Assessing the impact of a variant of the lastest dual attack

The dual attacks on the Learning With Errors (LWE) problem are currently a subject of controversy within the cryptographic community. In particular, the results of [MATZOV 2022], which assert a substantial reduction in the security level of Kyber— a lattice-based cryptosystem currently being standardized by NIST— have not gained widespread acceptance. Their attack analysis relies on several assumptions that, in certain contexts, contradict established theorems or well-supported heuristics, as noted in [Ducas-Pulles 2023].

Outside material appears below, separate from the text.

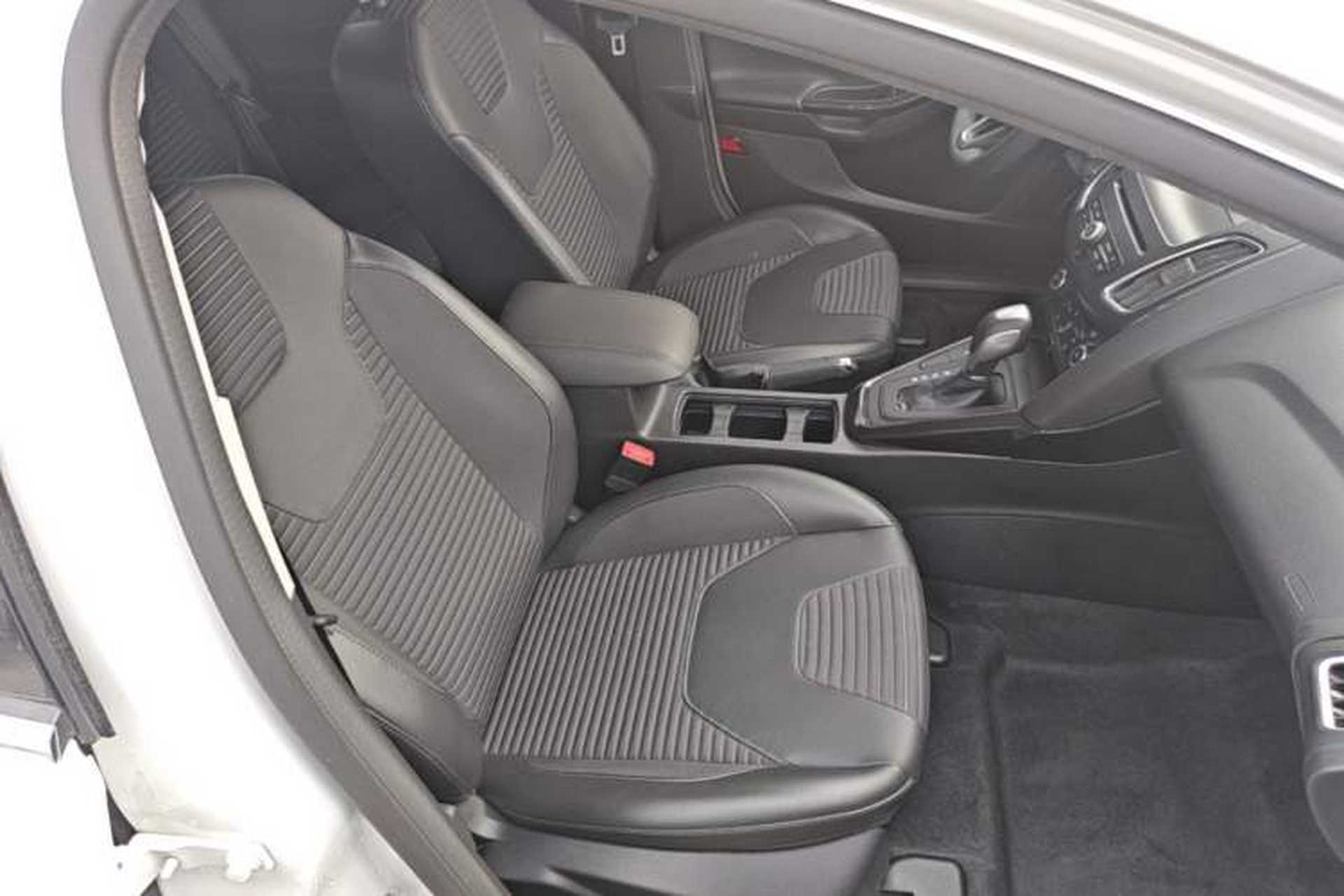 Used Ford Focus 2018 Hatchback Classic EcoBoost 180 Automatic Elite Model Right Front Seat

In this presentation, I will discuss a collaborative effort with Charles Meyer-Hilfiger, Yixin Shen, and Jean-Pierre Tillich, where we propose a novel dual lattice attack on LWE that reexamines the approach of [MATZOV 2022]. Their method involves transforming a small-LWE problem (defined by a small secret) into another small-LWE problem, which is then reduced to a standard LWE problem where the secret is no longer small but the dimension has been significantly decreased. This second reduction relies on a modulus switching technique. We expand upon this strategy by employing a code-based approach using polar codes over ZZ_q.

I will present a new analysis of our variant of [MATZOV 2022] that does not rely on the independence assumption that they made and which has been challenged by [Ducas-Pulles 2023]. Our results demonstrate that the complexities reported in [MATZOV 2022] are, in fact, achievable.